ISSN: 2455-5282
Global Journal of Medical and Clinical Clinical Image
Research Article       Open Access      Peer-Reviewed

Investigating the impact of selfcare stress reduction strategies on cortisol levels

Ishika M Binu*

Interlake High School, Bellevue, WA, United States
*Corresponding author: Ishika M Binu, Interlake High School, Bellevue, WA, United States.
Received: 04 October, 2022 |Accepted: 11 October, 2022 | Published: 12 October, 2022
Keywords: Cortisol; Hydrated; Urine; Stress; Meditation

Cite this as

Binu IM (2022) Investigating the impact of selfcare stress reduction strategies on cortisol levels. Glob J Medical Clin Case Rep 9(4): 057-062. DOI: 10.17352/2455-5282.000161

Copyright License

© 2022 Binu IM. This is an open-access article distributed under the terms of the Creative Commons Attribution License, which permits unrestricted use, distribution, and reproduction in any medium, provided the original author and source are credited.

It has been shown that behavioral therapy has effects on stress and also cortisol levels. This study investigated the impact of self-care stress reduction strategies on the cortisol levels of 59 urine samples. Stress behavior was evaluated by using written responses (questionnaire). Results indicated that transcendental meditation was statistically associated with the lowering of cortisol levels. Meditation can relax the mind, leading to a reduction in stress. From this study, stress and cortisol levels do have a direct correlation with one another. The data from this small pilot study raise the question of its utility as a stress marker in cardiac rehabilitation.

Introduction

Cortisol is the primary stress hormone in the human body that is produced and released from the adrenal glands in order to manage the body’s stress response [1]. This hormone regulates blood pressure, energy levels, carbohydrates, fats, proteins, inflammation and blood sugar. Cortisol is vital for the body as it impacts many organs and tissues [2]. Even though cortisol is essential for the body, the excessive production of cortisol, which is classified as Cushing Syndrome, is very dangerous and can lead to weight gain, hypertension, hirsutism, and osteoporosis [3].

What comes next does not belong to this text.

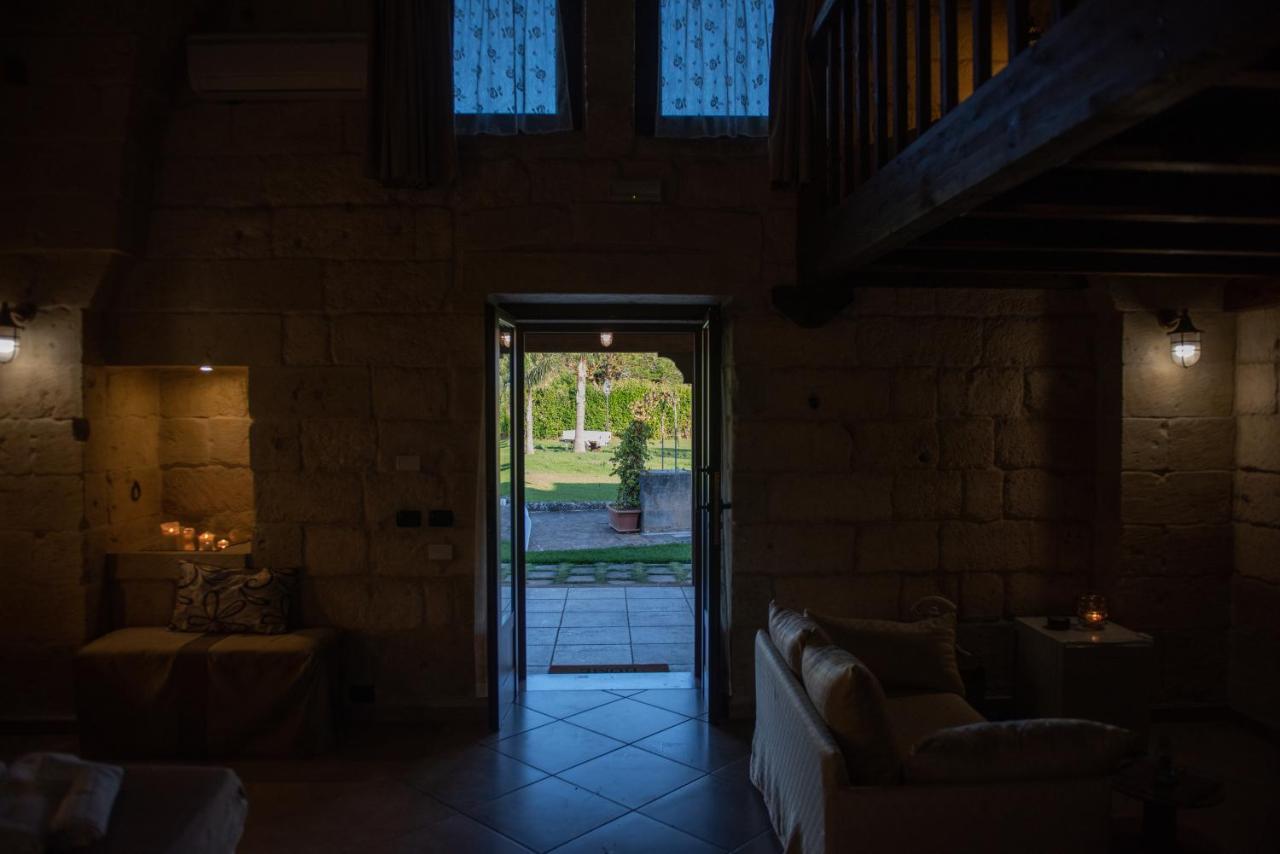 كاربينيانو سالينتينو Masseria Giamarra المظهر الخارجي الصورة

Stress could be defined in psychological sciences, as a feeling of mental press and tension [4]. Low levels of stress might be desired, useful, and even healthy. However, high levels of stress could result in biological, psychological, and social problems and even serious harm to people [5]. Stress may be either external to environmental sources (loud noises, weather, crowds, temperature, pollution, jobs, crime, and war), or caused by internal perceptions of the individual [6].

A number of studies have shown that high levels of morning cortisol are associated with high-stress exposure, type A behavior, and hostility [7]. Controlling cortisol levels can be difficult as outside factors can cause either mental or physical stress [8]. Finding methods to help reduce stress is important not only for the body’s physical health but also for mental well-being. Medications have already been produced, such as Ketoconazole or Mitotane, in order to control the excessive production of cortisol [8]. Several clinical studies have reported reductions in cortisol levels after behavioral interventions to reduce stress [1,9]. People have practiced meditation in order to reduce stress, though boring but speculated to be beneficial. This study aimed at exploring the impact of meditation on stress or stress hormones like cortisol.

Research question

Can home-self-care stress reduction strategies help to manage cortisol levels?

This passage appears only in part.